Directed by Colin Trevorrow and written by Trevorrow and Emily Carmichael, the film is packed full of ideas and subplots, some of them more well thought-out than others. Unlike the previous two films, they actually explain what transpired in the four years between the two films, grounding the audience before the chaos that follows. And the reintroduction of Ellie and Alan isn’t overdone, allowing the characters to reintegrate back into the story with little fuss.
The main roadblock of the film is how overcomplicated it gets. The Owen/Claire duo and Ellie/Alan duo are separated for most of the film, and they hop around to multiple different countries in service of subplots that only make a little bit of sense. Much of it feels like the filmmakers trying to justify the continued separation of the two groups, and so they give them a lot to do at different stops, even if what transpires there is ridiculous.
Amid the absurdity, however, the film does have the requisite exciting action scenes. One sequence that introduces a new character, pilot Kayla Watts (DeWanda Wise), takes on a James Bond feeling with chases through buildings and tight streets. And naturally there are lots of encounters with and fights among dinosaurs. They attempt to introduce yet another apex predator into the film, but its fearsomeness never really connects.
The film gets fast and loose toward the end, often making jumps in time that elide certain tense moments.
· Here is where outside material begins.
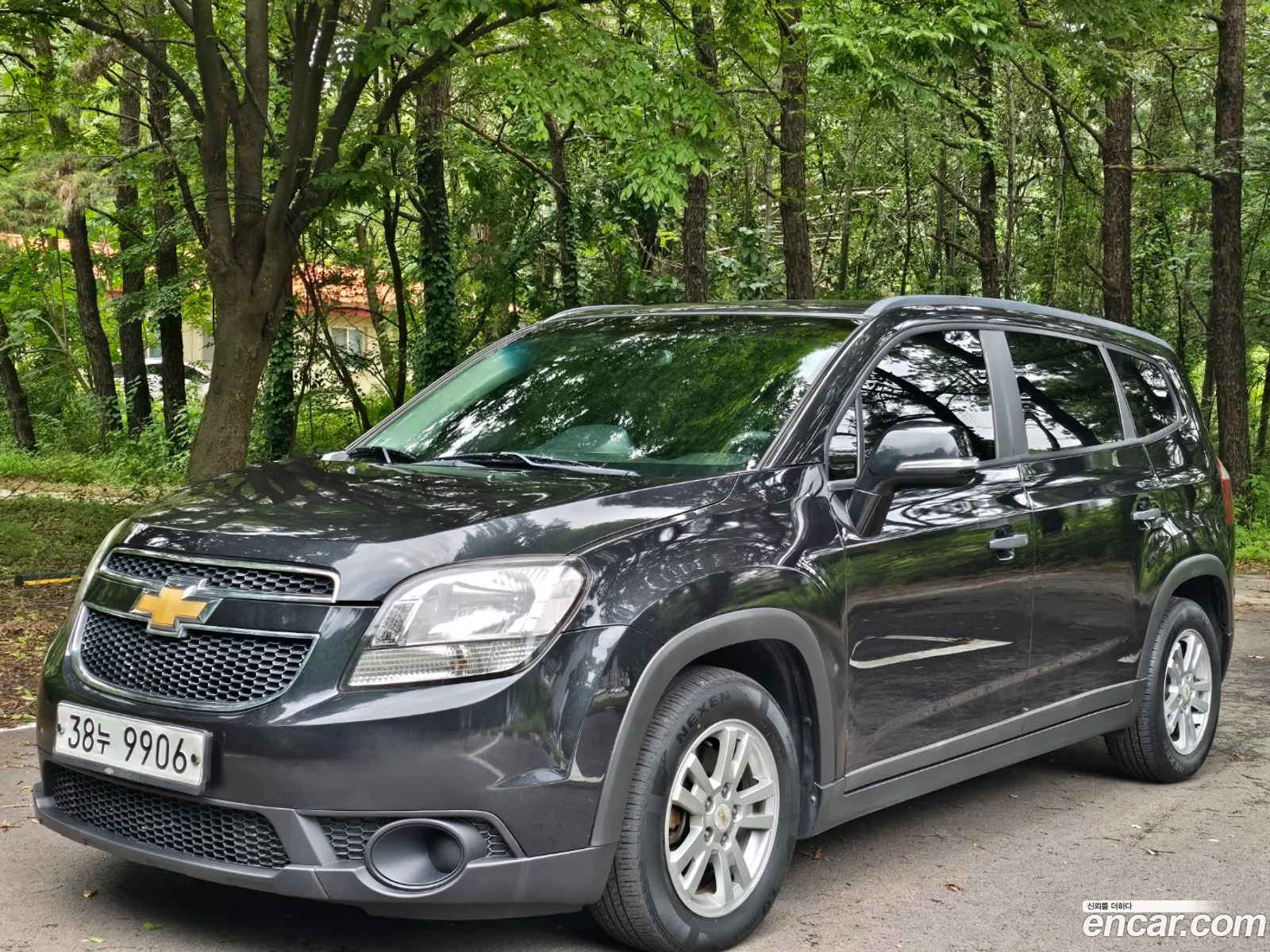 Korex Auto Trade - фотография 19467584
It’s strange how they can make a movie that’s two-and-a-half hours long and still cut narrative corners in order to shoehorn in even more story. Still, most of them are forgivable, especially when they include callbacks to the original Jurassic Park that will have fans cheering.
No one goes to see a Jurassic World movie for the acting, but it’s still nice to see each of the main actors reprise their roles in believable and fun ways. Wise is a great addition, not only for her calm-under-pressure demeanor but also for her hypnotic eyes. Also scoring points is Mamoudou Athie, who plays Dodgson’s right-hand man, Ramsay Cole. You believe every word that he says even when it’s clear he’s lying, a smoothness that’s rare among actors.
It may be damning with faint praise to say that Jurassic World Dominion is the best of the Jurassic World trilogy, but at least it seems like they put in the extra effort toward telling a comprehensible story. They don’t always succeed, mind you, but at least the end result doesn’t make you wish for your time and money back.
Jurassic World Dominion is now playing in theaters.